An edge calculation module 3, comprising: the device comprises a data transmission port, an axial force actual value calculating unit, an axial force theoretical value calculating unit and a wireless communication unit;

the data transmission port is connected with the axial force measuring module 1 through a data transmission line 7 and is used for receiving the actual axial force value of each set measuring point measured by the induction ring 111 in the axial force measuring module 1;

the axial force actual value calculating unit is used for calculating an axial force actual value of the holding pole by utilizing the holding pole axial force actual value calculation formula based on the axial force actual value of each set measuring point and transmitting the axial force actual value to the wireless communication unit;

the axial force theoretical value calculating unit is used for calculating an axial force theoretical value of the holding pole by using a holding pole axial force calculation formula based on the lifting force of the lifting end of the holding pole lifting arm and transmitting the axial force theoretical value to the wireless transmitting unit;

the axial force calculation formula is shown as follows:

in the formula, N is the theoretical value of the axial force of the holding pole, gamma is the included angle of the resultant force of the pulling line of the holding pole to the ground, beta is the included angle between the axis of the hoisting tackle pulley set and the vertical line, omega is the included angle of the control line to the ground, delta is the included angle between the axis of the holding pole and the vertical line, G is the gravity of the hung component, T is the weight of the hung component ₀ Is the static tension of the hauling cable;

static tension T of hauling rope ₀ Calculated as follows:

in the formula, T is the resultant force of the lifting rope, n is the working rope number of the steel wire rope of the hoisting tackle group, and eta is the tackle efficiency.
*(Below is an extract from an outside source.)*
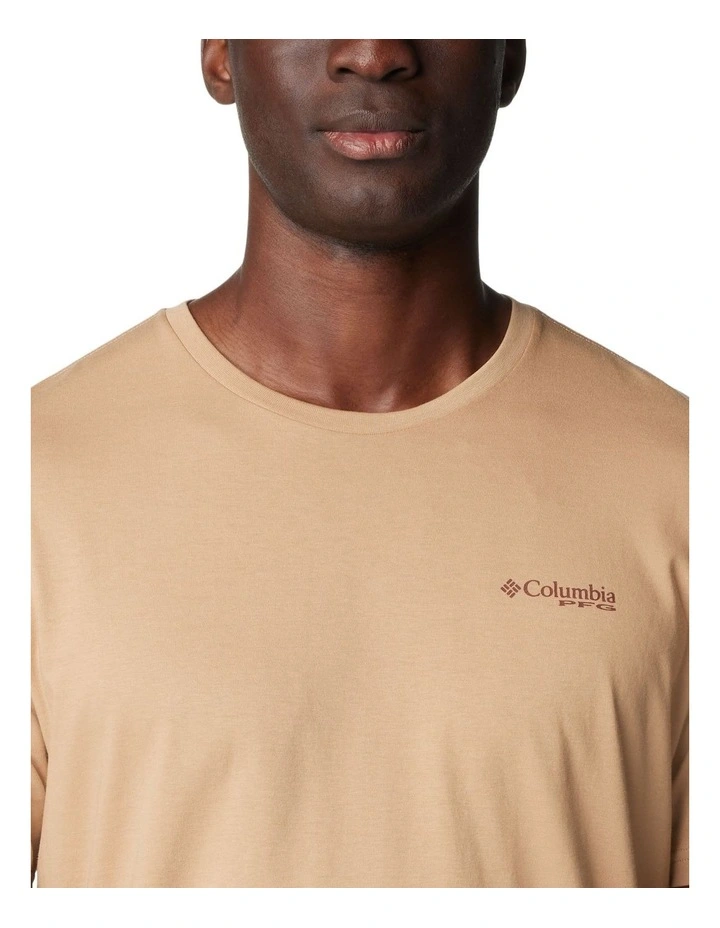 North Cascades Short Sleeve Tee in Beige image 4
The actual axial force value of the holding pole is calculated according to the following formula:

in the formula, L is an actual axial force value of the holding pole, h is an actual axial force value of the measuring points, and m is the number of the measuring points.
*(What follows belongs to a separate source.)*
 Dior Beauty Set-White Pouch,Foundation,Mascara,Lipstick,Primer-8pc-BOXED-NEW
The wireless transmitting unit is used for transmitting the theoretical value of the axial force of the holding pole and the actual value of the axial force of the holding pole to the data receiving terminal 5.

The data receiving terminal 5 includes: the system comprises a wireless receiving unit, a data processor and an alarm;

the wireless receiving unit is used for receiving the actual value of the axial force of the holding pole and the theoretical value of the axial force of the holding pole and transmitting the received actual value of the axial force of the holding pole and the theoretical value of the axial force of the holding pole to the data processor;

the data processor is used for calculating a difference value between an actual value and a theoretical value of the axial force, comparing the actual value with the theoretical value by using a set early warning threshold value, if the difference value is greater than the set early warning threshold value, sending an alarm signal to the alarm, and if the difference value is not greater than the set early warning threshold value, confirming that the holding pole is in a safe state and continuing monitoring;

and the alarm is used for carrying out early warning on the axial force of the holding pole according to the alarm signal of the data processor.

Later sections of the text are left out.